▸ The records
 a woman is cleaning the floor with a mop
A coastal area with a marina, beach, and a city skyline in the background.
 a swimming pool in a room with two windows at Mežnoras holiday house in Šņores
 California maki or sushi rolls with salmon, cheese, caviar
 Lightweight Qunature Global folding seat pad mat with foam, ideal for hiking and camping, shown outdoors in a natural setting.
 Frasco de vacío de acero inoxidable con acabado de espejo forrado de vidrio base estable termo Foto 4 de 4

...

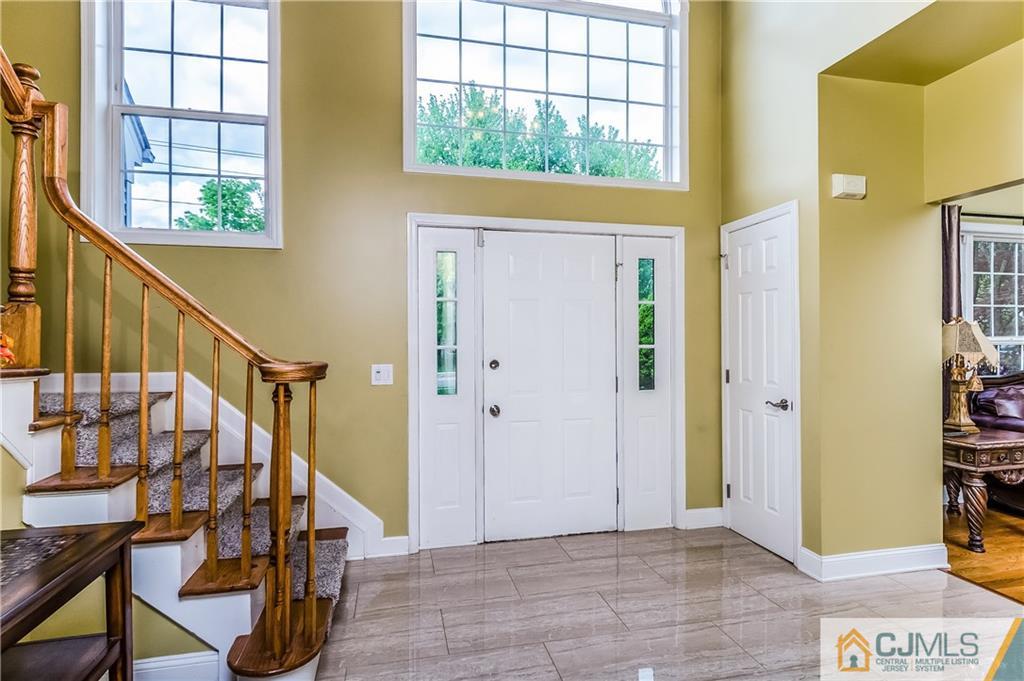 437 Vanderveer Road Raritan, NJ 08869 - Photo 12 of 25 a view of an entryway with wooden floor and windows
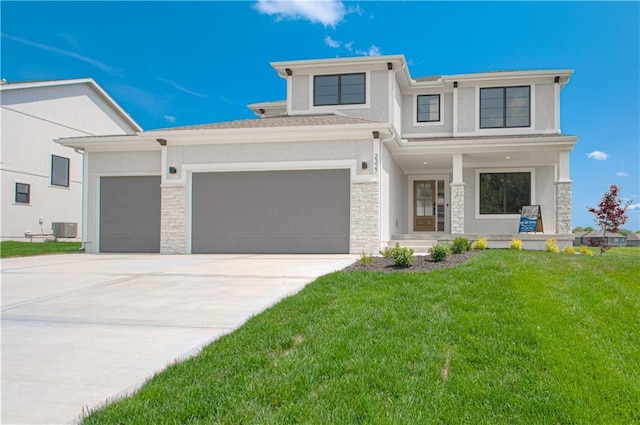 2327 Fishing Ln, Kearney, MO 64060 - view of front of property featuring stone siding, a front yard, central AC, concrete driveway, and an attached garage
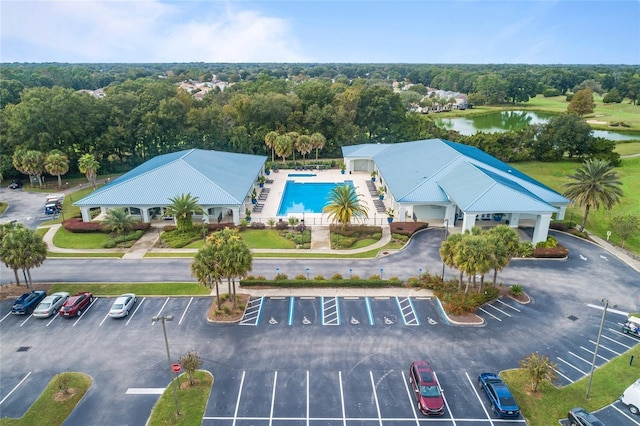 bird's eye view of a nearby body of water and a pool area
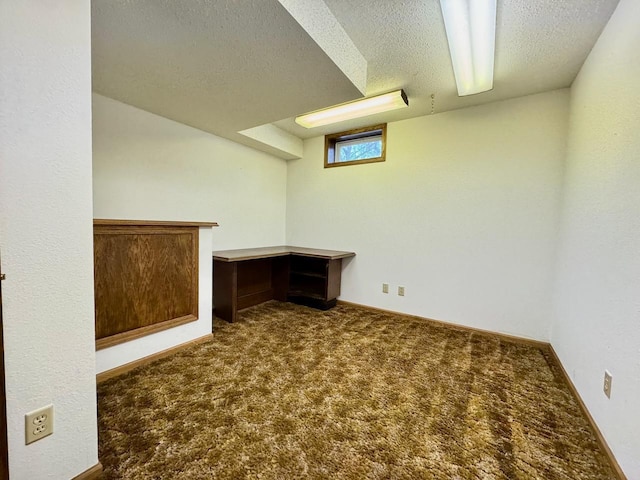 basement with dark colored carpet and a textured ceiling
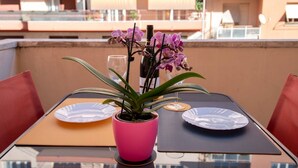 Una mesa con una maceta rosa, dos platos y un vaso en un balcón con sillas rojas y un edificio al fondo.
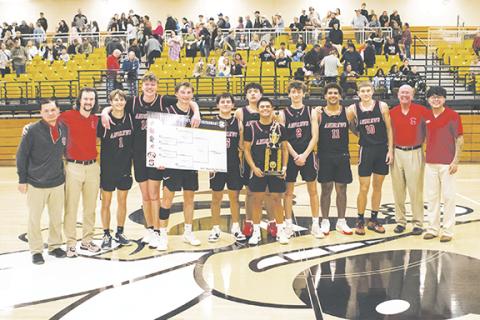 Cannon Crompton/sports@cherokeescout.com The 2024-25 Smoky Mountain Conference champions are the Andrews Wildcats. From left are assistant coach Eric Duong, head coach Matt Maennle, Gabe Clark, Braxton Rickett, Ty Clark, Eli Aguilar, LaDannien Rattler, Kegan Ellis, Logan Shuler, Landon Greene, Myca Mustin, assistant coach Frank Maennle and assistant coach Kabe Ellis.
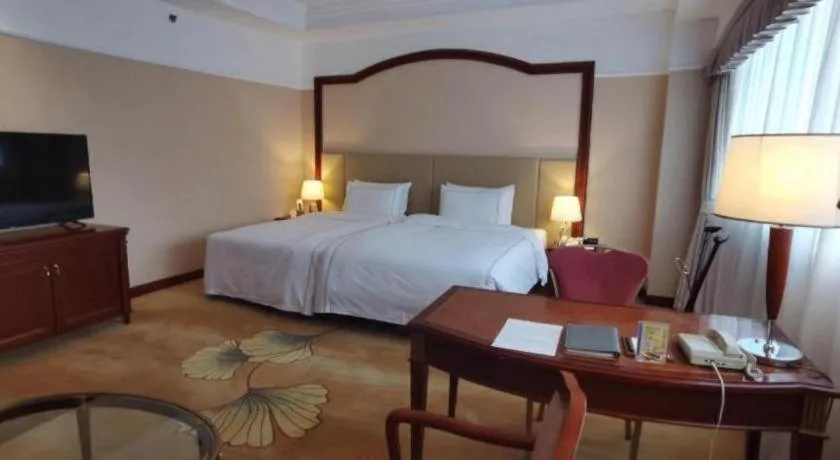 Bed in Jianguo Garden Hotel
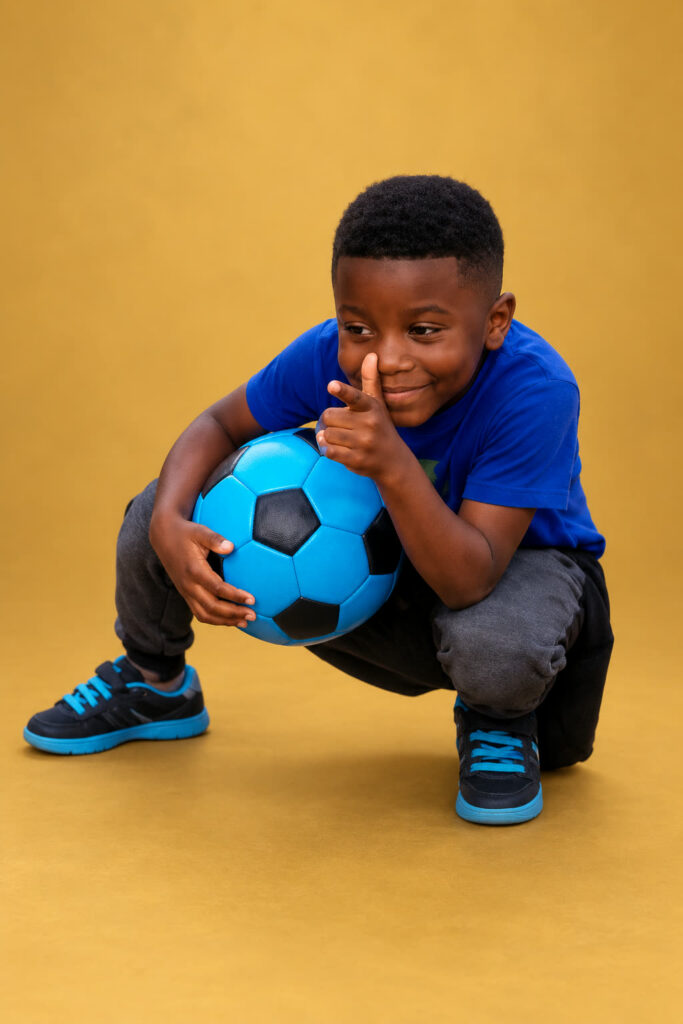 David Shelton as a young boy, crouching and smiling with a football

--

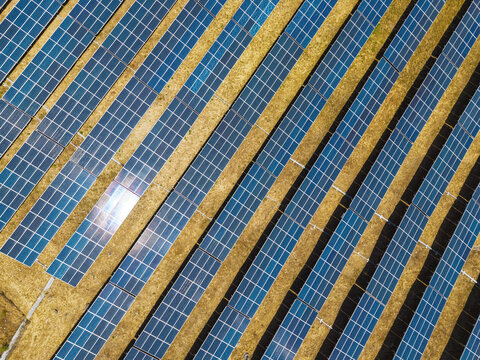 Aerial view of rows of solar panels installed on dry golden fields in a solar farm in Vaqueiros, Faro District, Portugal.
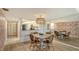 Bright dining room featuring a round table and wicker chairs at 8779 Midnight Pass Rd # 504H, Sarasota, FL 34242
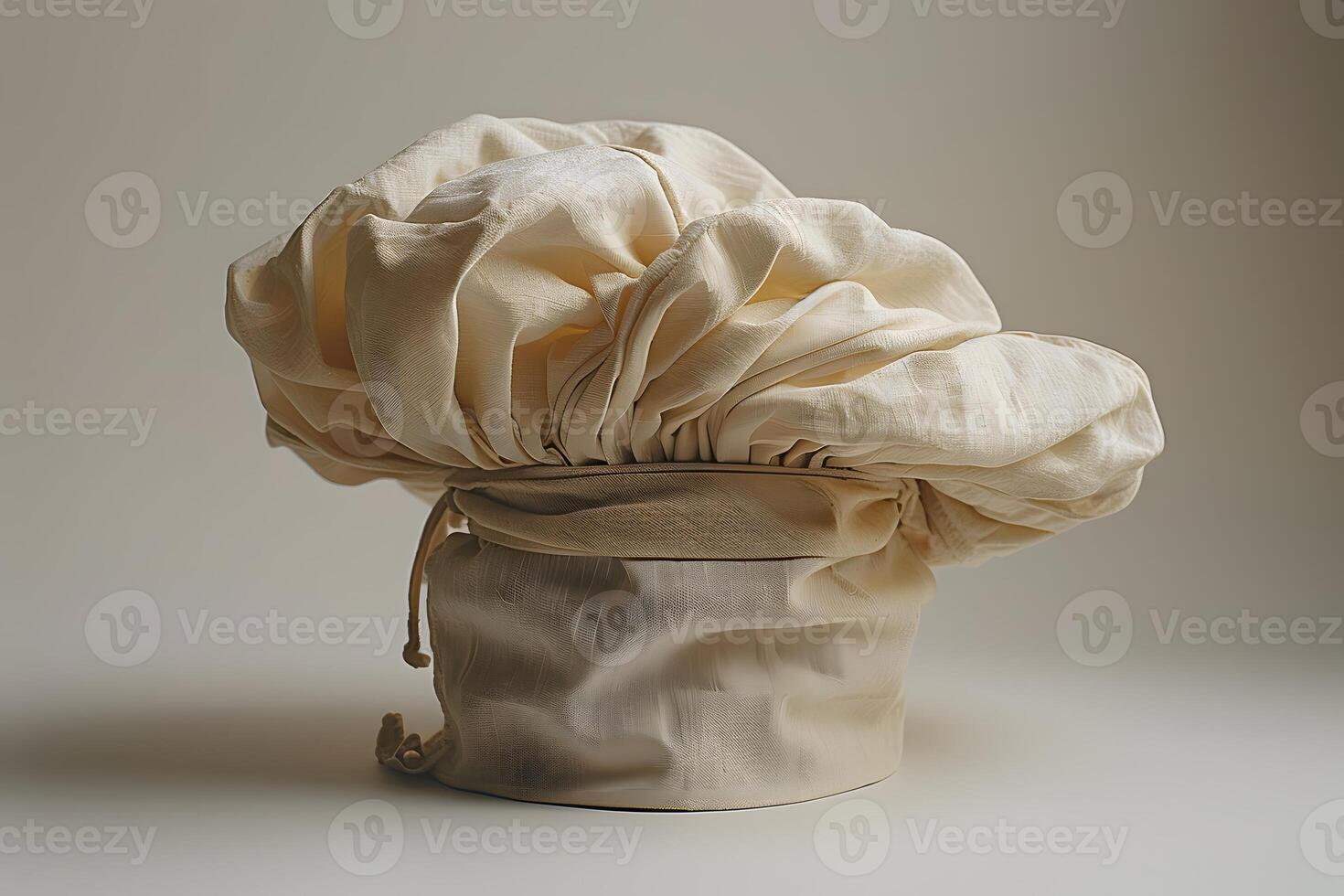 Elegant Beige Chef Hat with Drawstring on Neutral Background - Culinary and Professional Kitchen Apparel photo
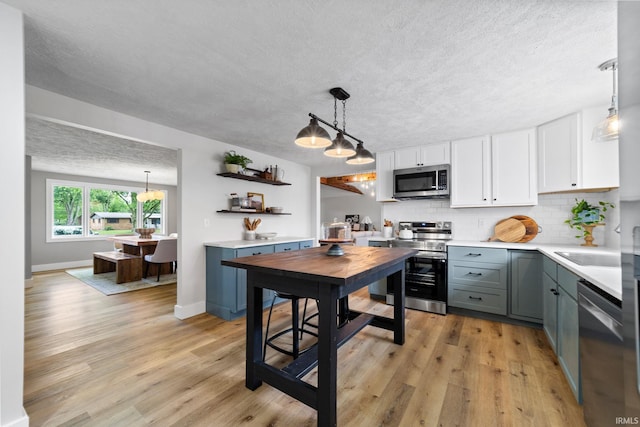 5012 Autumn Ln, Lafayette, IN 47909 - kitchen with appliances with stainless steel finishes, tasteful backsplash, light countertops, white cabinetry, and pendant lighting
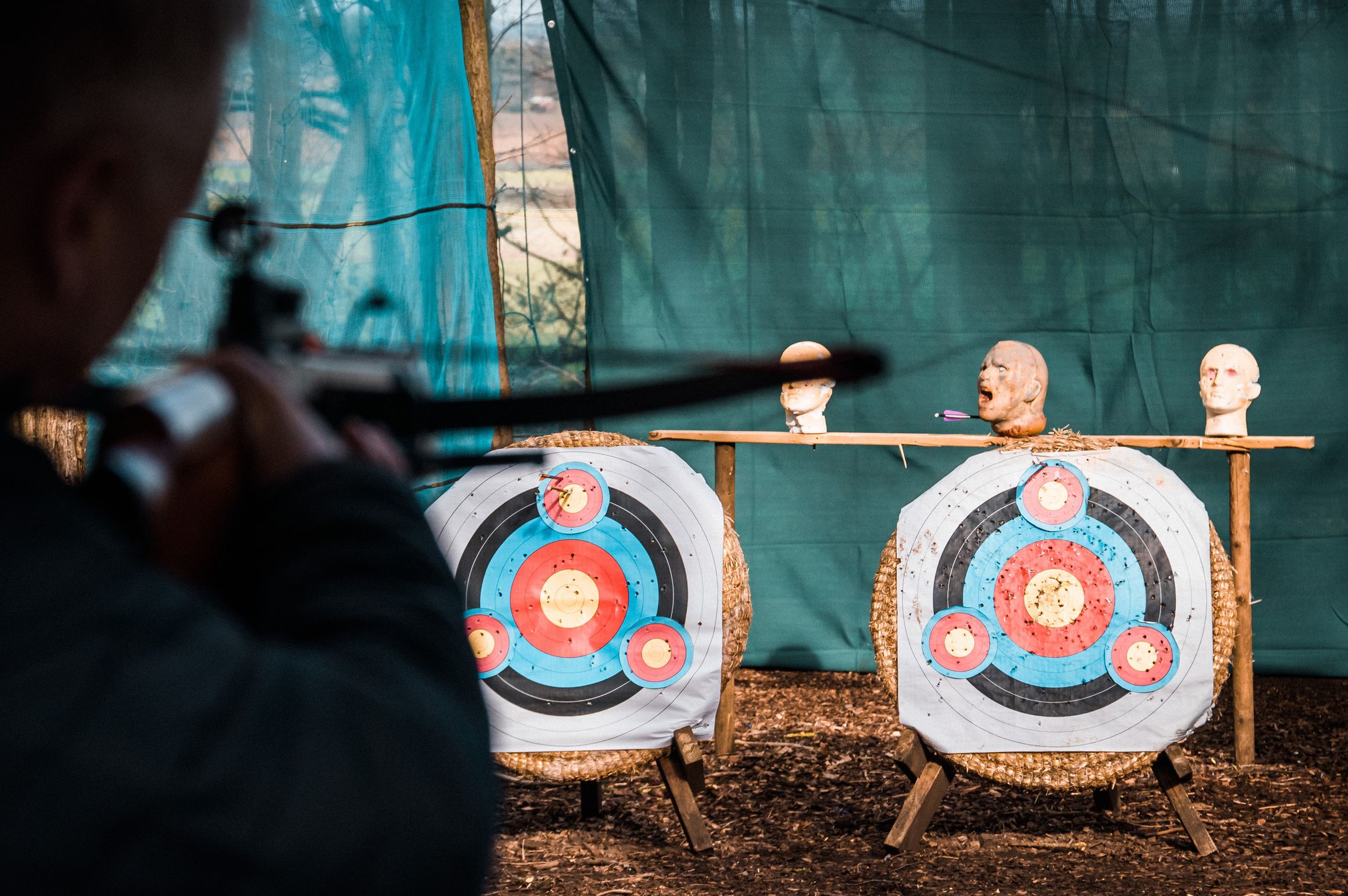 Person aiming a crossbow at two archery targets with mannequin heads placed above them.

▸ Exercise directions
In the listing above, find the line containing "5012 Autumn Ln, Lafayette, IN" and the line containing "Person aiming a". Reproduce those lines and all between them exactly, with no pictures and nothing more.

▸ Expected answer
 5012 Autumn Ln, Lafayette, IN 47909 - kitchen with appliances with stainless steel finishes, tasteful backsplash, light countertops, white cabinetry, and pendant lighting
 Person aiming a crossbow at two archery targets with mannequin heads placed above them.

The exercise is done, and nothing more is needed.